Launch of the AIKO project: Artificial intelligence to process scientific literature

Institutional news 8 June 2026
Led by INRIA in its capacity as a Programme Agency and in partnership with CIRAD, AIKO (AI for scientists: publication KnOwledge) aims to develop artificial intelligence (AI) methods and tools capable of more rapidly processing the growing volume of scientific information available worldwide. Supported by the French General Secretariat for Investment (SGPI) as part of the France 2030 initiative, the project was launched on 4 and 5 June 2026 at CIRAD’s headquarters in Paris, in the presence of its partners from 15 research units and from the French National Research Agency (ANR). With a budget of three million euros over a five-year period, the project will focus on three priority areas: One Health, Agriculture and Environment, and New Technologies and Digital Innovation.
The AIKO project was launched on 4 and 5 June 2026 at CIRAD’s headquarters. © Maguelonne Teisseire, INRAE
The AIKO project was launched on 4 and 5 June 2026 at CIRAD’s headquarters. © Maguelonne Teisseire, INRAE

The AIKO project was launched on 4 and 5 June 2026 at CIRAD’s headquarters. © Maguelonne Teisseire, INRAE

With AIKO, we aim to help scientists analyse the huge volume of scientific publications in greater detail, enabling them to build a comprehensive, representative and accurate understanding of their research area.

Mathieu Roche, CIRAD et Laurent Romary, Inria
Coordinators of AIKO

An open science approach based on artificial intelligence

AIKO works to strengthen French initiatives to promote scientific sovereignty through open science approaches.

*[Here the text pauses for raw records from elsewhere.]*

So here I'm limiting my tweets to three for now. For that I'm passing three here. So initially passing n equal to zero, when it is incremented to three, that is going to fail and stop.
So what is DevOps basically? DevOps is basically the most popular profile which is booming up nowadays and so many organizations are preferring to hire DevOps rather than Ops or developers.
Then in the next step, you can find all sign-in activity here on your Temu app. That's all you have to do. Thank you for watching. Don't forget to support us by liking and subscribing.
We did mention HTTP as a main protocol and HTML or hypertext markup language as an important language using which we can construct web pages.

Four scientific challenges are at the heart of this project:

  1. Recognition and identification of information in scientific documents, in order to extract and index textual data from publications;
  2. Content analysis, with the aim of identifying arguments and trends and studying scientific biases;
  3. Access to content, to simplify complex content and to assist the preparation of state-of-the-art reviews;
  4. Multimodality, to connect scientific publications with other data sources and to involve different disciplines and partners in the programme.

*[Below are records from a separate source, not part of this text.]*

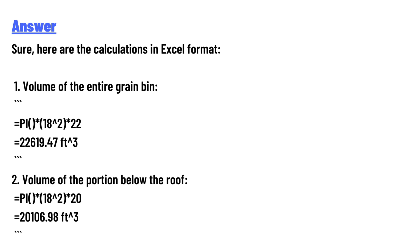1. Volume of the entire grain bin: π × 18² × 22 = 22,619.47 ft³. 2. Volume of the portion below the roof: π × 18² × 20 = 20,106.98 ft³.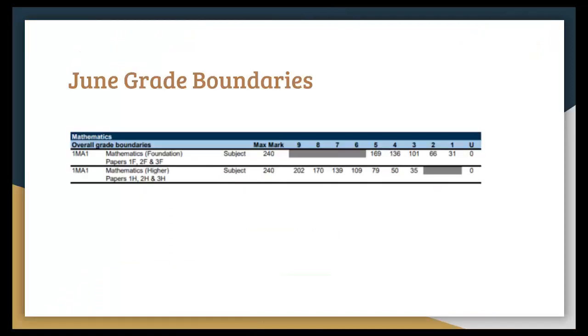So as you can see these are the June Grade Boundaries for this year and for Foundation Maths it was 169 marks to get a 5 and Higher Maths was 22 to get a Grade 9.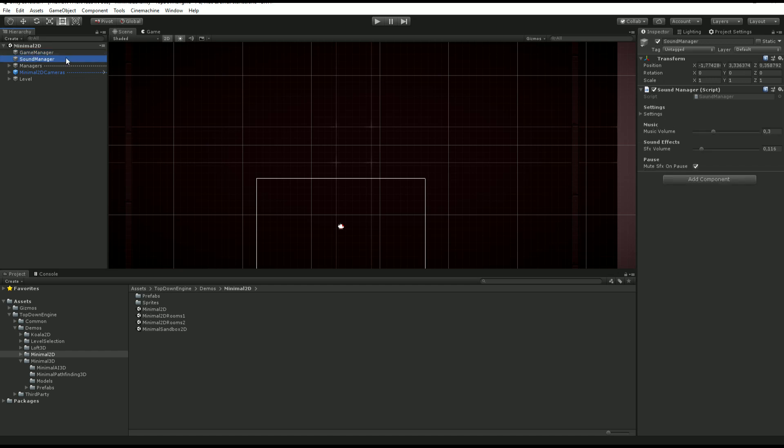Next we have a sound manager. As the name implies, it's a central point for playing sounds. It's not mandatory. You could use native Unity APIs to play sounds, but if you want to take advantage of this manager and what it proposes, which is volume control, save and load of these settings, stuff like that, then you want to keep it in your scene.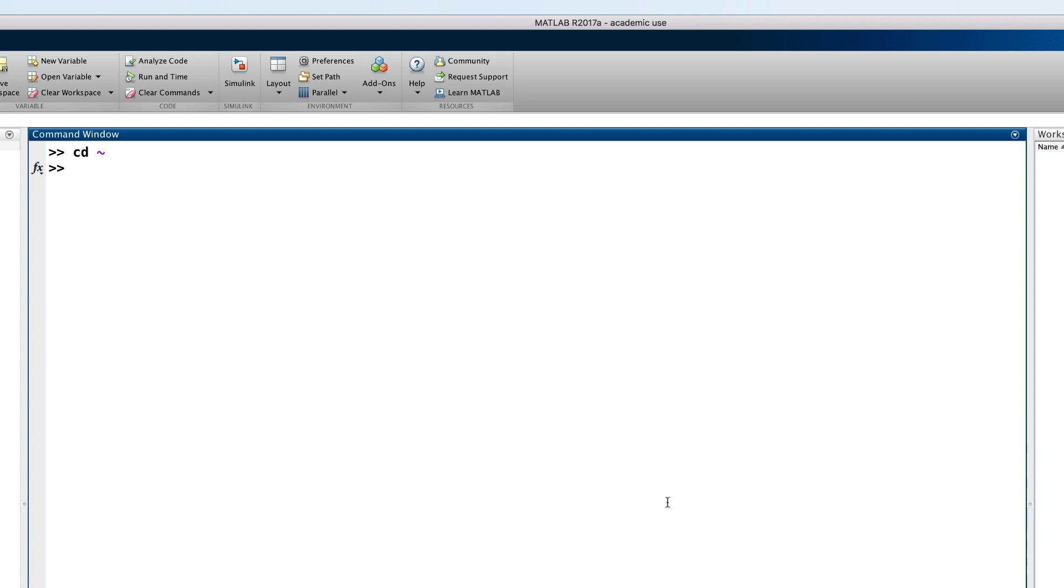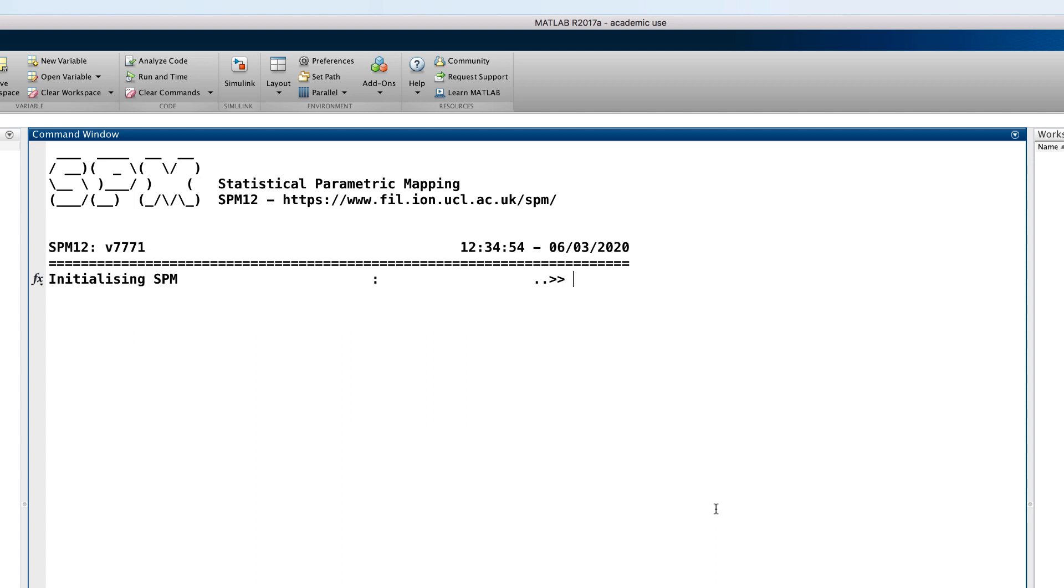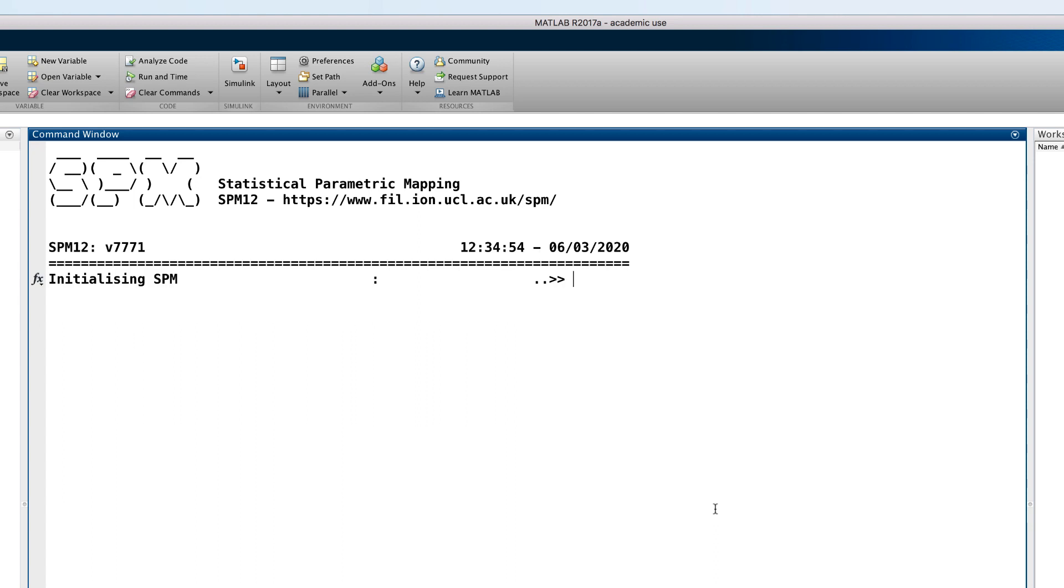After you have set the path, type the following from the MATLAB terminal: SPM, and press Enter, which opens up the following window. And then click on the fMRI button to open up the SPM fMRI graphical user interface.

AIKO will draw on a wide range of models, particularly large language models (LLMs) combined with natural language processing (NLP) techniques, to analyse scientific publications from diverse and broad disciplines. Original data annotated at different scales (documents, segments, terms, etc.), will be produced and published on institutional platforms, in particular Recherche Data Gouv. The original models that will be produced within the AIKO framework will build on these datasets for the training, fine-tuning, retrieval-augmented generation (RAG) and evaluation phases. The most effective AI models may subsequently be integrated into French infrastructures, in particular ISTEX (French initiative for excellency in scientific and technical information), one of the partners of the AIKO programme.

One Health, agriculture, new technologies: AI to address global challenges

To implement its tools and methods, the programme focuses on three priority areas:

  • Health, within a One Health context, in connection with the Health Research Programme Agency led by INSERM and to support the commitments made at the One Health Summit held in Lyon in April 2026, particularly with the aim of preventing the emergence of zoonotic diseases.
  • Agriculture and environment, in connection with Agralife, the national Programme Agency for “Sustainable agriculture and food, forests, and associated natural resources” coordinated by INRAE.
  • New technologies and digital innovation, a focus of INRIA’s role as Programme Agency for the digital sector.

Within this multidisciplinary context, AIKO’s scientific challenges will, for example, enable the identification of techniques used to address plant health, to extract environmental factors for epidemiological surveillance in animal health, or to analyse methods for transforming organic waste in the countries of the global South based on scientific publications.